With earnings of 10 cents per share in the fourth quarter ending Dec. 31,, Netflix beat Wall Street expectations of 2 cents and added more net subscribers (5.56 million versus expectations of 5.1 million) as it continued its major push into international markets.

Tuesday’s Netflix letter to shareholders follows.


netflixOn January 1st, just a few hours after the quarter closed, we crossed 75 million members. Our quarter-end 74.76 million members put us at over 17 million net additions for the year, showing how much the world is embracing Internet TV. We think we’ll grow by over 6 million members in Q1 given our expansion of Netflix to virtually everywhere but China. We bring great stories from all over the world to people all over the world.


Q4 Results and Q1 Forecast

In the fourth quarter, we added a record 5.59 million members as our big shows such as Narcos and Marvel’s Jessica Jones helped us grow membership to 74.76 million. This 5.59 million compares to a forecast of 5.15 million and to prior year net additions of 4.33 million. For Q1, we are forecasting 6.10 million net additions vs. prior year of 4.88 million. On earnings, we stayed profitable in Q4 despite foreign exchange headwinds, and delivered operating income of $60m and net income of $43m. We expect similar modest operating income results for Q1, assuming current foreign exchange, as we invest in our international expansion. As a reminder, the guidance we provide is our actual internal forecast at the time we report, and we strive for accuracy in our guidance.


In September, we launched in Japan, followed by Spain, Portugal and Italy in October. We are very pleased with the first few months of membership growth in these markets. Our international contribution loss of $109 million in Q4 increased sequentially due to these launches. We anticipate Q1 international losses of about $114 million.
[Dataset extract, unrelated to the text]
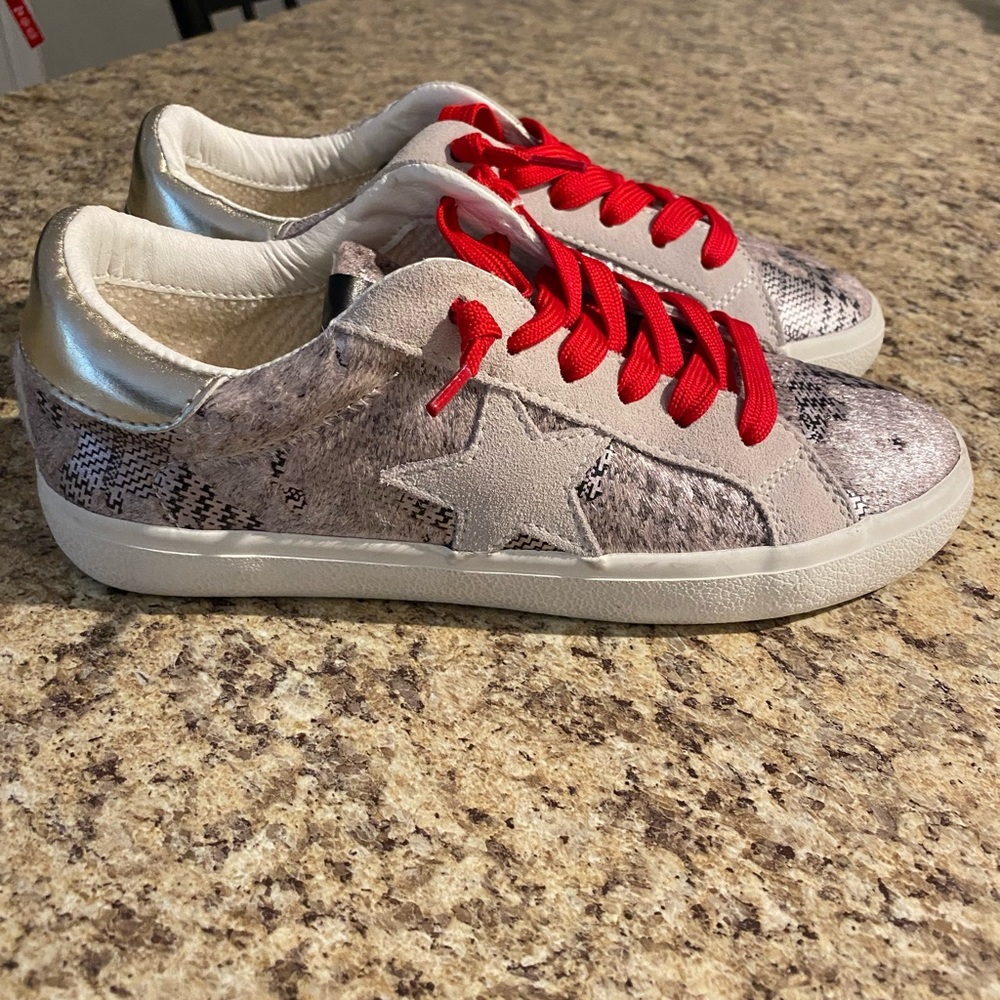 Steve Madden sneaker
In early January at CES, we announced the availability of Netflix everywhere in the world except China. Pricing is comparable to our existing plans and we have added support for Korean, Arabic, and Simplified & Traditional Chinese languages. Our move into 130 additional countries broadens our addressable market by 190 million broadband homes, on top of the 360 million we counted at the end of 20151.

While the opportunity is large, our growth in these new markets will unfold over many years as we improve our service. We are starting by primarily targeting outward-looking, affluent consumers with international credit cards and smartphones. As with every market we’ve launched, our approach is to listen, learn and improve rapidly, adding more content, additional languages and a better Netflix experience over time. Our global availability sets us up for continued growth for many years and we continue to expect material global profits beginning in 2017.

In Q4, average subscriber price grew 4-5% y/y around the world, excluding the impact of foreign currency (-$106 million y/y impact on revenue). In the US it was 4.3%, leading to 21% year over year growth in streaming revenue. We are seeing increased adoption of our Ultra-HD plan ($11.99) as more UHD TVs are purchased and as we are a leading source of UHD content for consumers.

In the US, we ended 2015 with nearly 45 million members, although our Q4 US net adds were down year over year, as expected (1.56m actual versus 1.90m prior year). Our high penetration in the US seems to be making net additions harder than in the past. Our forecast for Q1 US net additions is 1.75m, against a prior year actual of 2.28m. New credit/debit card rollover continues to be a background issue. In Q2 and Q3, we’ll be releasing a substantial number of our US members from price grandfathering on the HD plan and they will have the option of continuing at $7.99 but now on the SD plan, or continuing on HD at $9.99 a month. Given these members have been with us at least 2 years, we expect only slightly elevated churn. Our 2020 US contribution target remains at 40% and we are already at 34%.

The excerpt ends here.